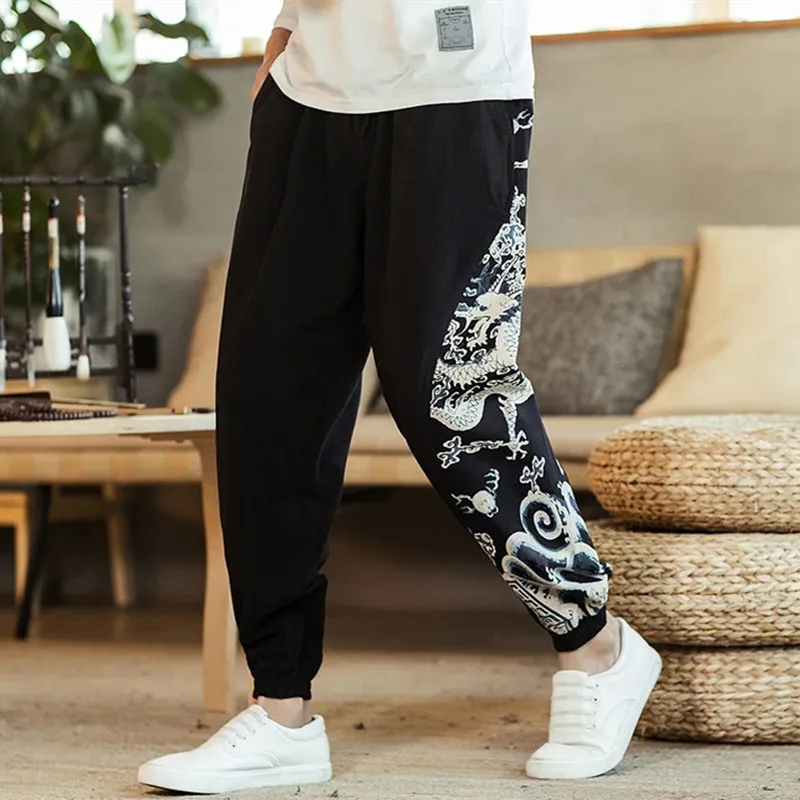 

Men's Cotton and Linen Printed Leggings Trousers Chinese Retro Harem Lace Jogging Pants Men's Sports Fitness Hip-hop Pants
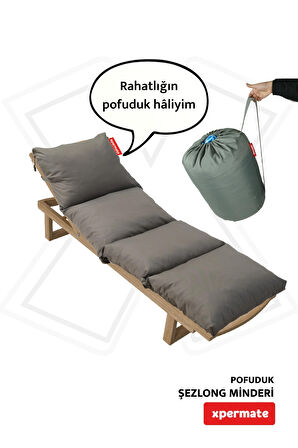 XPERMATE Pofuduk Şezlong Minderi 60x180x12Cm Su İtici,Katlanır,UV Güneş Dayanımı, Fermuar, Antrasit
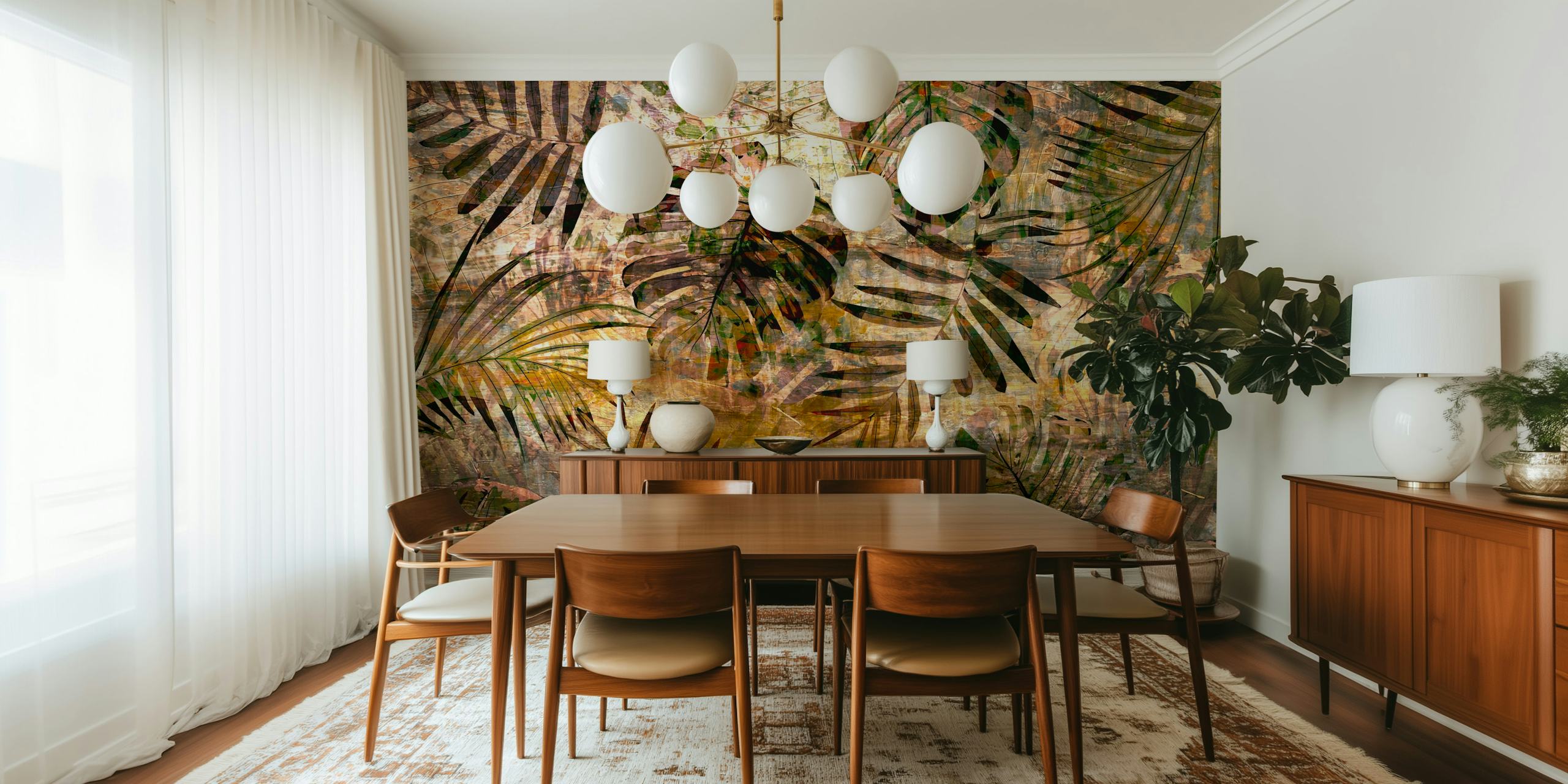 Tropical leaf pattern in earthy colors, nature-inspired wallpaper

How to complete this task » Reproduce, with the pictures omitted, exactly those lines that run from the line with "XPERMATE Pofuduk Şezlong" to the last line of the material, both ends included.

Answer to this problem »
 XPERMATE Pofuduk Şezlong Minderi 60x180x12Cm Su İtici,Katlanır,UV Güneş Dayanımı, Fermuar, Antrasit
 Tropical leaf pattern in earthy colors, nature-inspired wallpaper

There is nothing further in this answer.